WHAT YOU ARE ASKED TO DO: Copy the data below exactly, but not the pictures it contains.

INFORMATION SHOWN:
==*==

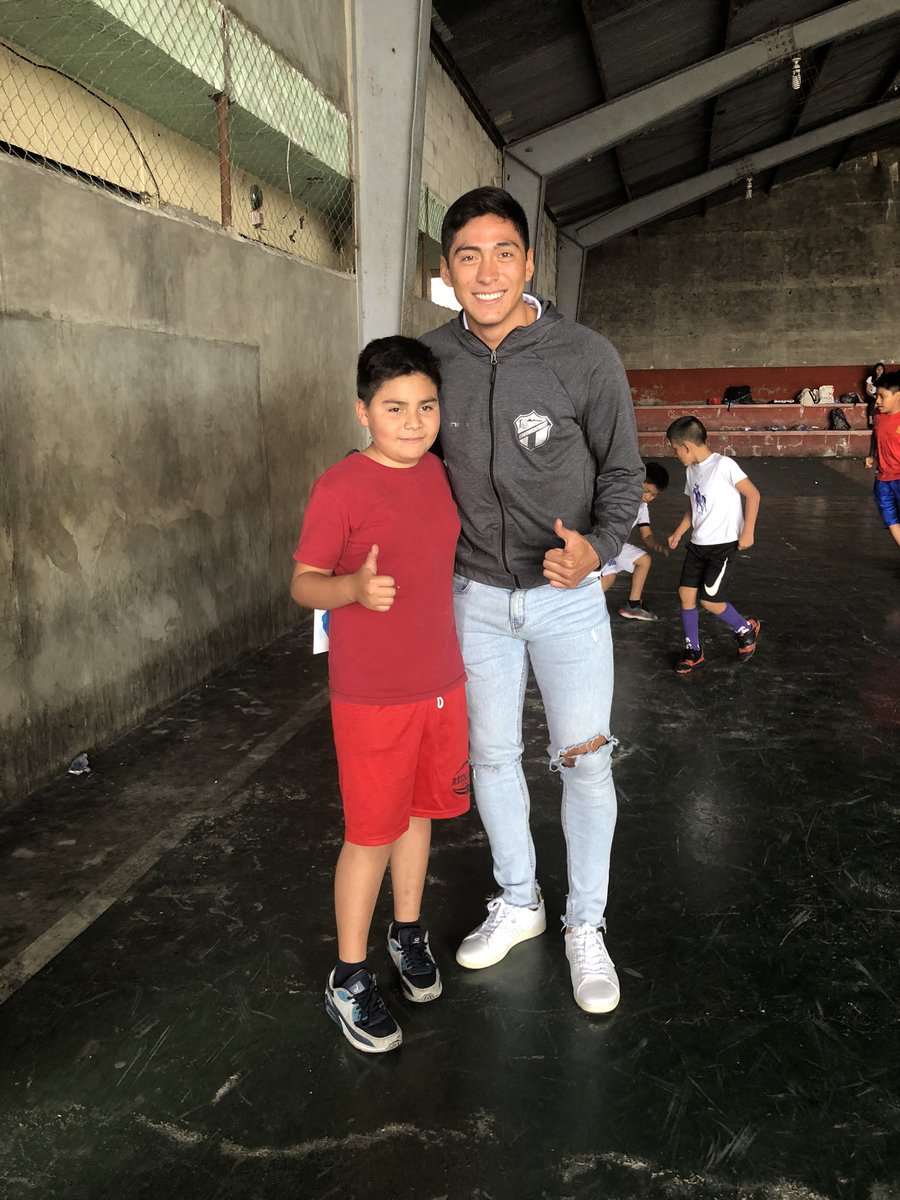 CremasOficial's tweet photo. #MomentoCrema 👻

Hoy por la tarde, nuestros jugadores Oliver Díaz y David Jr. Copete, estuvieron acompañando a varios niños de zonas marginales, con el objetivo de dejarles un mensaje positivo del fútbol, el cual les motive a superarse y así alcanzar sus sueños. 👻

#VamosCremas https://t.co/9ovcSitl0Z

==*==

RESULT OF THIS EXERCISE:
 CremasOficial's tweet photo. #MomentoCrema 👻

Hoy por la tarde, nuestros jugadores Oliver Díaz y David Jr. Copete, estuvieron acompañando a varios niños de zonas marginales, con el objetivo de dejarles un mensaje positivo del fútbol, el cual les motive a superarse y así alcanzar sus sueños. 👻

#VamosCremas https://t.co/9ovcSitl0Z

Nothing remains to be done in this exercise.